Friday, August 28, 2009

All That You Can't Leave Behind


I found this on YouTube today.


Tonight, mourners have gathered in Boston to pay homage to Ted Kennedy.

It is closed to the public, but it is still being televised on CNN and C–Span. It has been alternately moving and amusing to listen to the eulogies from both Democrats and Republicans. As vilified as Kennedy was in life for his liberal leanings, it has been enlightening to listen to people like Orrin Hatch and John McCain speak with genuine affection for a friend.

But, as I have been reading the articles on the internet — and viewing videos like the one I have posted — it has occurred to me that Ted Kennedy, like Richard Nixon, has one Achilles' heel that will be with him as long as there is an American history that is chronicled in the history books.

For Nixon, it was Watergate. For Kennedy, it was Chappaquiddick.

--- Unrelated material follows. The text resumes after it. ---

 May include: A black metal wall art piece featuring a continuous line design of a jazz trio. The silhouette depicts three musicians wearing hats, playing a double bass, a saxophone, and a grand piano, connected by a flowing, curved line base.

It was inevitable, I suppose, that Kennedy's death would bring another round of discussions about that incident.

The Week reported that "Kennedy's name was Google's top search term the day after his death, but Mary Jo Kopechne and Chappaquiddick were Nos. 2 and 3."

And some writers, like Michael Scherer in TIME, mentioned it only in passing. Scherer referred to it as one of Kennedy's "darkest moments."

Howie Carr of the Boston Herald briefly brought up Chappaquiddick in a general article that recites all of Kennedy's shortcomings.

There has been much talk in tonight's memorial for Kennedy of the late senator's love of humor. Tom Blumer writes, for NewsBusters, that Chappaquiddick was one of his favorite topics.

To be sure, some people defended Kennedy. Melissa Lafsky speculated at The Huffington Post that Kopechne, "a dedicated civil rights activist and political talent with a bright future," might have "felt it was worth it" to trade her life for Kennedy's career.

Boy, that sparked a debate.

Rick Moran responded, in American Thinker, that it was "maybe the most amazingly shallow, myopic, and ultimately self–centered sentence ever written."

Perhaps that is unduly harsh. Personally, I believe that, unless one possesses the selflessness of a soldier, who knows he might at any moment have to sacrifice his life for others, no one is ever prepared to die at the age of 28.

So I thought Lafsky's article was interesting but a little preposterous.

Especially when I consider Eliott C. McLaughlin's survey of media experts for CNN.com, asking if Kennedy's political career could survive a Chappaquiddick in the 21st century — "in the era of blogs, talk radio and 24–hour news cycles."

It's a fair question. The media has changed considerably in 40 years.

I remember, at the time, that Chappaquiddick was overshadowed, to a great extent, by Apollo 11 and its historic trip to the moon. If we could return to July 1969 and everything else was the same — but talk radio, blogs and 24–hour news were part of the media mix — I agree that Chappaquiddick would be a source of continuing discussion — even as the lunar module was descending to the moon's surface.

Heck, with split–screen technology, both stories could be covered simultaneously.

And I think Kennedy's career might well have been over. But I'm thinking from the perspective of one who has just been through an election year in which reverence for political dynasties was brought into question. In 1969, Kennedy, I believe, benefited from a reservoir of affection that Massachusetts had for John and Robert Kennedy and the Kennedy family.

We may find out in the months to come whether that reservoir still exits as Massachusetts chooses a replacement.